The first of the studies presented by the article measured the impact of the students’ time commitment to each aspect involved in learning, one of them being class time. The study showed that by far the most valuable and important time commitment in a course is classroom time wherein the student is not only present, but also cognitively participating in the class. This means that in addition to class attendance it is very important that the materials are presented in an interesting fashion.
Other reports that cite this article discuss key data about absenteeism. The results are revelatory:
- Smaller classes have less absenteeism.
- The more meaningful the mathematics component is, the less absenteeism is found.
- There was more absenteeism found among beginner courses than those at higher levels.
- The better the instructor, the less absenteeism occurs.

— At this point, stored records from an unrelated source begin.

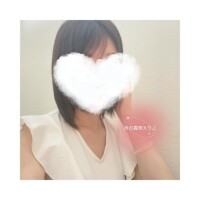 小室えりこ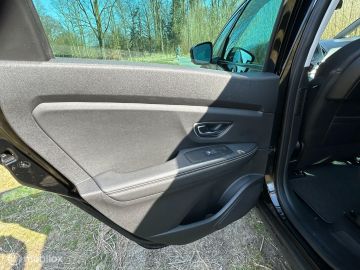 Renault Scénic
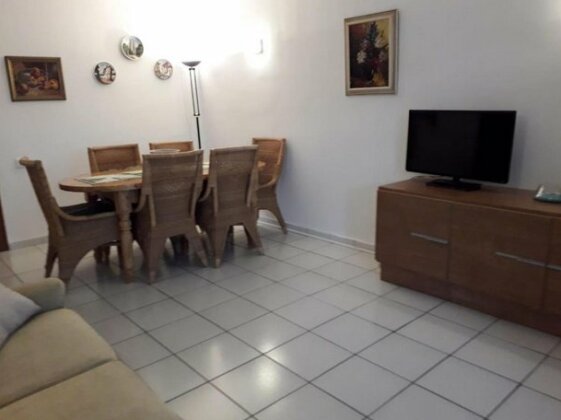 Apartamento ana maria - Photo3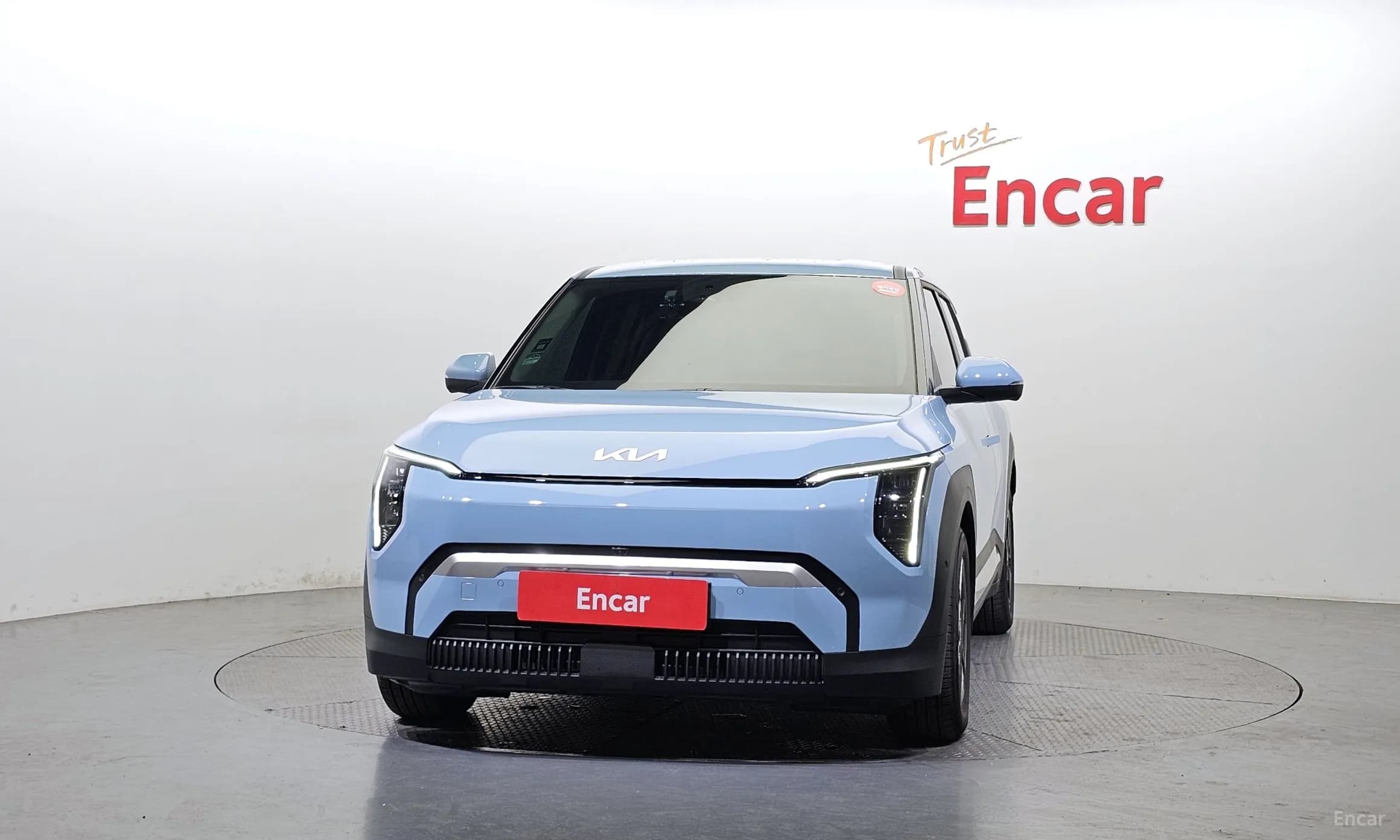 EV3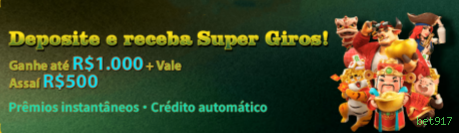 Apostas esportivas bet917 - futebol e esportes ao vivo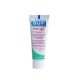 GUM fogkrém PAROEX, 75 ml (CHX 0,12% + CPC 0,05 %)
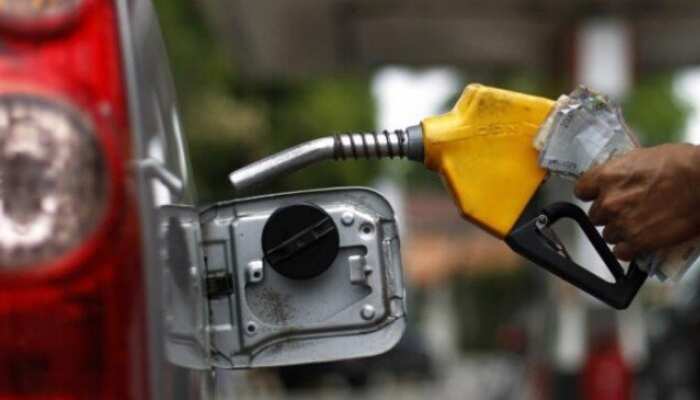 Breaking: PPPRA makes U-turn, deletes post on new petrol price increase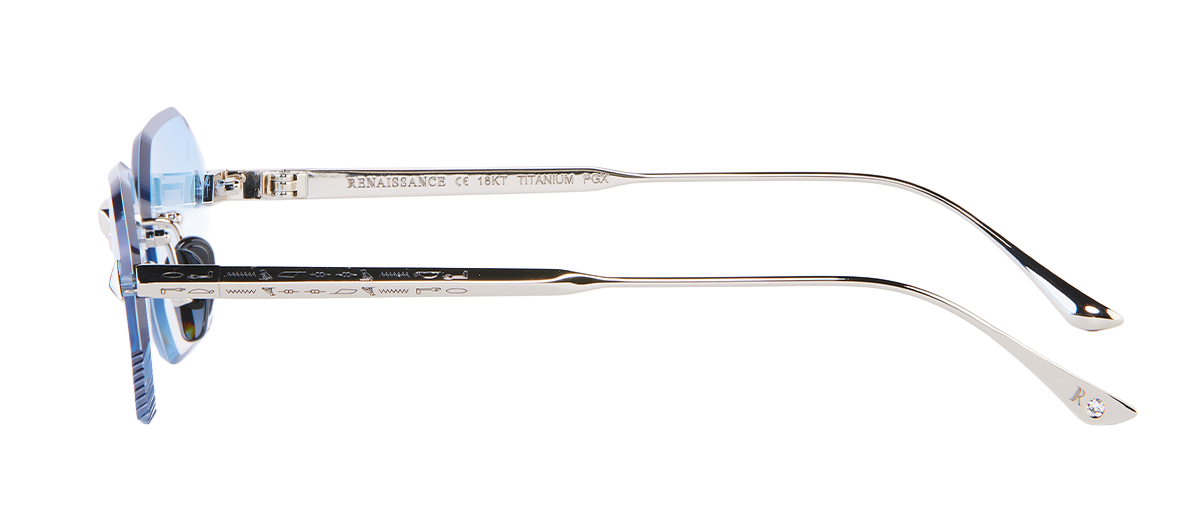 Renaissance LVI C2-PGX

- Absenteeism was concentrated primarily among the few students missing a number of classes, whereas the majority of students only skipped a few.
Another study at that university surveyed students of one faculty in terms of the various aspects of the class such as the presentation method, classroom management, professional abilities, the relationships among students and teacher preparedness. It was remarkable that the survey respondents who assessed their teachers as better had fewer absences from class.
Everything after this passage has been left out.